IEEE 754R minutes from July 18, 2002

Attendance and minutes review

The IEEE 754R committee met May 23, 2002 at Network Appliance. In attendance were:

The previous meeting minutes were summarily approved.

Coq and formal specifications for 754R

Marc Daumas presented on "past and future formalizations of the IEEE 754, 854, and 754R standards." The presentation closely followed a slide handout; since the guest rule was in effect, there was no grilling until after the presentation was complete.

Kahan began the questioning with the following statement: "I approve of what you're doing. I regard it as necessary. My hope is that continuing in that direction will ultimately lead to specifications and implementations which are not merely verifiable, but also maintainable." He then stated that language support is a greater problem than hardware correctness, and that formal verification can supplement, but not supplant, testing. Kahan supported his statement with several examples:

Ariane 5:

On June 4, 1996, the Ariane 5 rocket went out of control shortly after takeoff, turning cartwheels over French Guiana until the onboard safety systems caused it to self-destruct. In their presentation of the inquiry report, the inquiry board concluded that the development program "did not include adequate analysis and testing."

The Ariane 5 control software was written in Ada, where overflow is treated as a fatal exception which causes a computation to abort to a handler. Because the Ariane 5 rockets were more powerful than those of the Ariane 4, the software to recalibrate the gyros, which was copied from the Ariane 4 system, suffered an overflow. Since there was no defined exception handler, the system wrote debugging information to memory, overwriting information needed by other parts of the system, and transferred control to the second computer. The backup computer suffered the same exception and transferred control back to the first computer.

Had Ada supported the IEEE standard, the overflow would have generated resulted in an exceptional value and a raised flag, but no disastrous change in control flow.

Software is never fully tested if it is at all interesting. It's unfair to say we didn't know what the software should do in the exceptional circumstance; in any interesting piece of software, there are cases like that. We simply don't want the software to die messily when in such circumstances.

T800 verification:

In his paper, "Formal Methods Applied to a Floating Point Number System," Geoff Barrett verified that an Occam implementation intended to mimic the Inmos T800 Transputer's floating point hardware did indeed meet a Z specification intended to capture the requirements of IEEE 754. There were two mistakes. The first mistake was a transcription error of the type Daumas mentioned in his presentation. "The most negative binary integer" was uttered instead of "-0" somewhere in the specification, so that the routing in add-subtract went the wrong way when signed zeros were added. The second mistake was more vicious. Since the Transputer was designed to do very rapid context switching, so the engineers wanted to minimize the amount of system state. Since they regarded overflow, divide by zero, and invalid exceptions as "mistakes," they replaced three distinct flag bits with a single bit. So the T800 did not conform to the standard.

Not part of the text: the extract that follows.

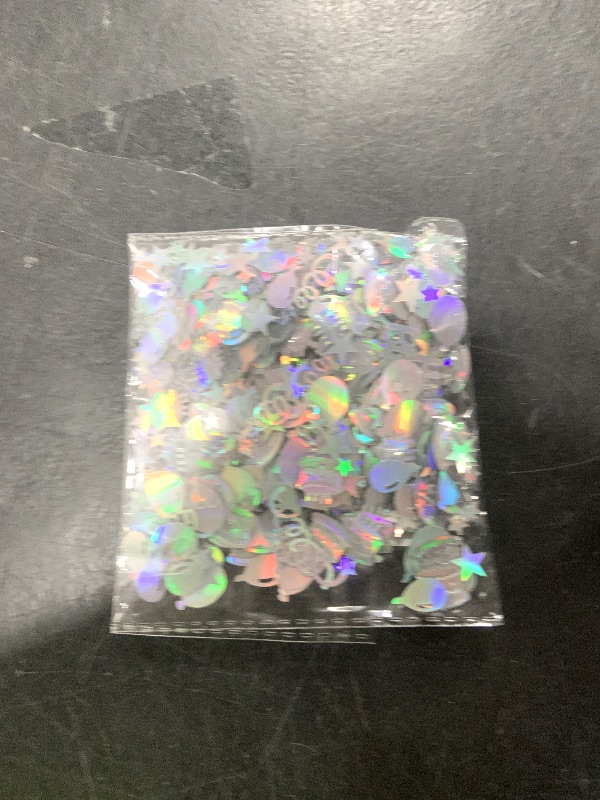 Photo 1 of Gosknor 600pcs Happy Birthday Confetti, Iridescent Party Confetti Metallic Colorful Glitter Table Scatter with Cakes Balloons Stars Ribbons Letter Shapes for DIY Crafts Festive Table Decoration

Stack overflow on the 8087:

In Palmer and Morris's book on the 8087, they acknowledged that you could hardly write the software to naturally handle stack overflow without contortions. Worse, software that would have worked on the 8087 would not work on the 80287, and software for the 80287 would not work on the 80387. Microsoft decided to simplify their lives by enabling the invalid operation trap. On stack over/underflow, the system will jump to a handler to tell you to rewrite your program. The same trap occurs on invalid operations like 0/0; the handler deals with this situation by re-executing the instruction and then clearing the flag so that the invalid trap handled will not occur again immediately when control is returned to the program. So even though the IEEE flags are supported in the 80x87 hardware, they are not accessible from software under Windows.

Pentium FDIV bug:

The algorithm on which the infamous buggy Pentium FDIV was based was proved correct.

The proof was incorrect, and that incorrectness had already been published in the literature. The author of the original paper on the algorithm introduced a cryptic footnote which, to the knowledgeable and observant reader, meant "you shouldn't take this too literally." The FDIV implementors followed the proof as presented in the paper and claimed their hardware design was now proven correct. In fact, the design was correct; but the proof wasn't.

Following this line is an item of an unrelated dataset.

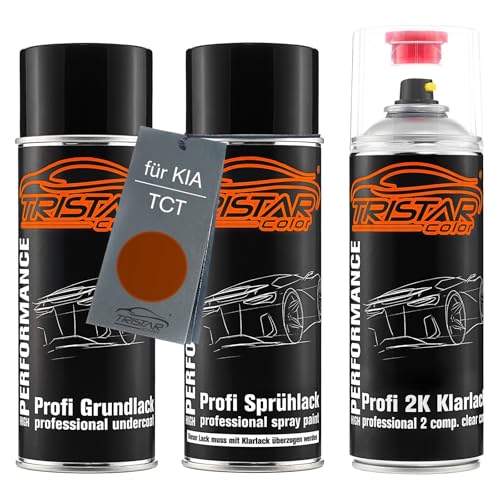 TRISTARcolor Autolack 2K Spraydosen Set für KIA TCT Terracotta Perl Grundlack Basislack 2 Komponenten Klarlack Sprühdose TRISTARcolor Autolack 2K Spraydosen Set für KIA TCT Terracotta Perl Grundlack Basislack 2 Komponenten Klarlack Sprühdose von TRISTARcolor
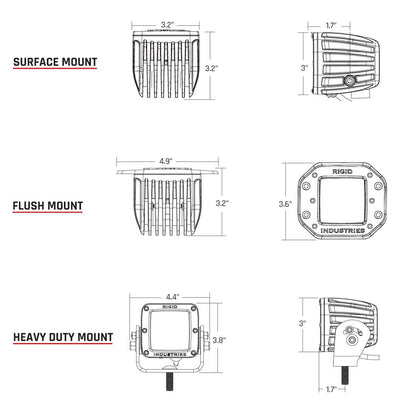 Rigid Industries Driving Surface Mount Pair D-Series Pro 502313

The trouble was not in the design, but in its transcription to hardware. The table specified in the design was not correctly transferred to the PLA; some of the entries in the table were incorrectly identified as don't-cares. Unfortunately, the mistake affected table entries which were infrequently exercised, and the test battery designed for an older implementation failed to expose the problem. The designers, having "proved" the correctness of the design, believed they did not need a new test battery.

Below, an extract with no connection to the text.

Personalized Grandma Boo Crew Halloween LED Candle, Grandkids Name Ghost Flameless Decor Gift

Moral: Even after an algorithm is proved formally correct, it must be tested. Testability is a design feature; for instance, the algorithms for the 8087 were designed to be tested. Some 14000 arguments were needed to design for correctness. On the 8087, all the transcendentals were tested with these test vectors, and nobody ever found a bug not induced by some erroneous optimization introduced later.

Kahan expressed additional concerns about the feasibility of verifying some algorithms. There is a tradeoff between cost and ease of proof; algorithms which can be proven using pessimistic inequalities are often overkill. For example, Kahan noted that the algorithms in fdlibm use tricks to modify the coefficients of a Chebyshev approximation in order to compensate for error due to the rounding of the stored coefficients. If you use such a trick, the error due to coefficient rounding becomes negligible compared to other error sources, but proving the algorithm gets good results becomes trickier.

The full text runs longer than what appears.